[RFC Patch] fs: implement per-file drop caches

From: Cong Wang
Date: Wed May 30 2012 - 10:39:36 EST


This is a draft patch of implementing per-file drop caches.

It introduces a new fcntl command F_DROP_CACHES to drop
file caches of a specific file.
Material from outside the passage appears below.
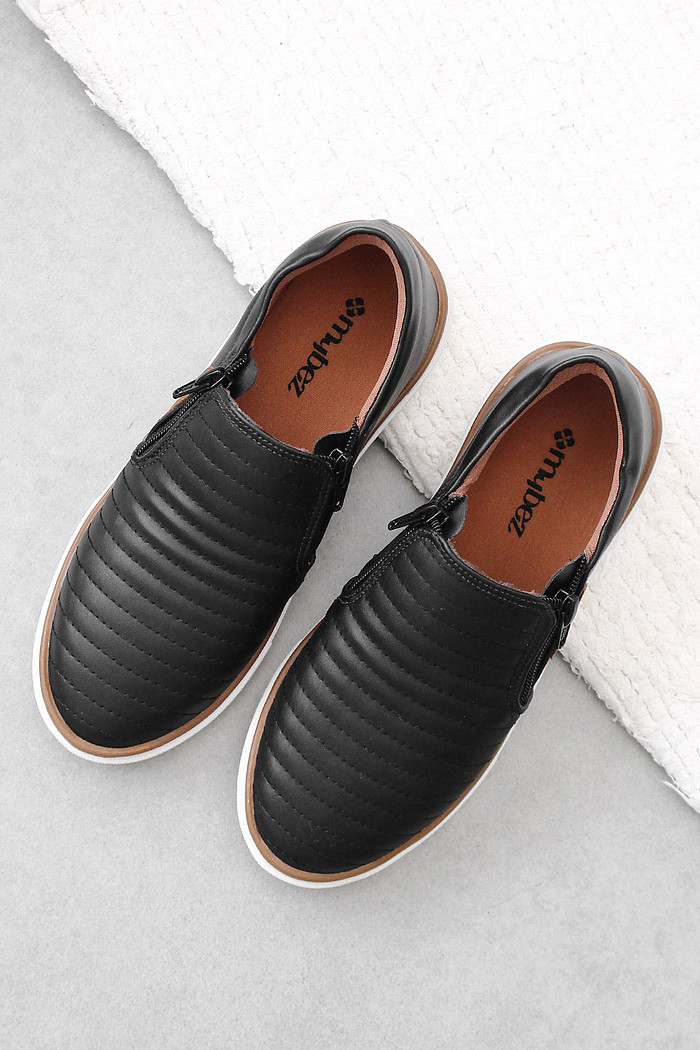 SlipOn Feminino Vivi com Detalhe Matelassê Preto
The reason is that currently
we only have a system-wide drop caches interface, it could
cause system-wide performance down if we drop all page caches
when we actually want to drop the caches of some huge file.

Below is small test case for this patch:

#include <unistd.h>
#include <stdlib.h>
#include <stdio.h>
#define __USE_GNU
#include <fcntl.h>

int
main(int argc, char *argv[])
{
int fd;
fd = open(argv[1], O_RDONLY);
if (fd == -1) {
perror("open");
return 1;
}
printf("Before readahead:\n");
system("grep ^Cache /proc/meminfo");
if (readahead(fd, 0, 1024*1024*100)) {
perror("open");
return 1;
}
printf("Before drop cache:\n");
system("grep ^Cache /proc/meminfo");
fcntl(fd, 1024+9, 3);
printf("After drop cache:\n");
system("grep ^Cache /proc/meminfo");
close(fd);
return 0;
}

I used a file of 100M size for testing, and I can see
the cache size of the whole system drops 70000K after
dropping the caches of this big file.

Any comments?

Signed-off-by: Cong Wang <xiyou.wangcong@xxxxxxxxx>
Cc: Alexander Viro <viro@xxxxxxxxxxxxxxxxxx>
Cc: Matthew Wilcox <matthew@xxxxxx>
Cc: linux-fsdevel@xxxxxxxxxxxxxxx
Cc: linux-kernel@xxxxxxxxxxxxxxx
Cc: linux-mm@xxxxxxxxx

---
fs/dcache.c | 56 ++++++++++++++++++++++++++++++------------------
fs/drop_caches.c | 30 ++++++++++++++++++++++++++
fs/fcntl.c | 4 +++
fs/inode.c | 37 ++++++++++++++++++++++++++++++++
include/linux/fcntl.h | 1 +
include/linux/fs.h | 2 +
include/linux/mm.h | 1 +
7 files changed, 110 insertions(+), 21 deletions(-)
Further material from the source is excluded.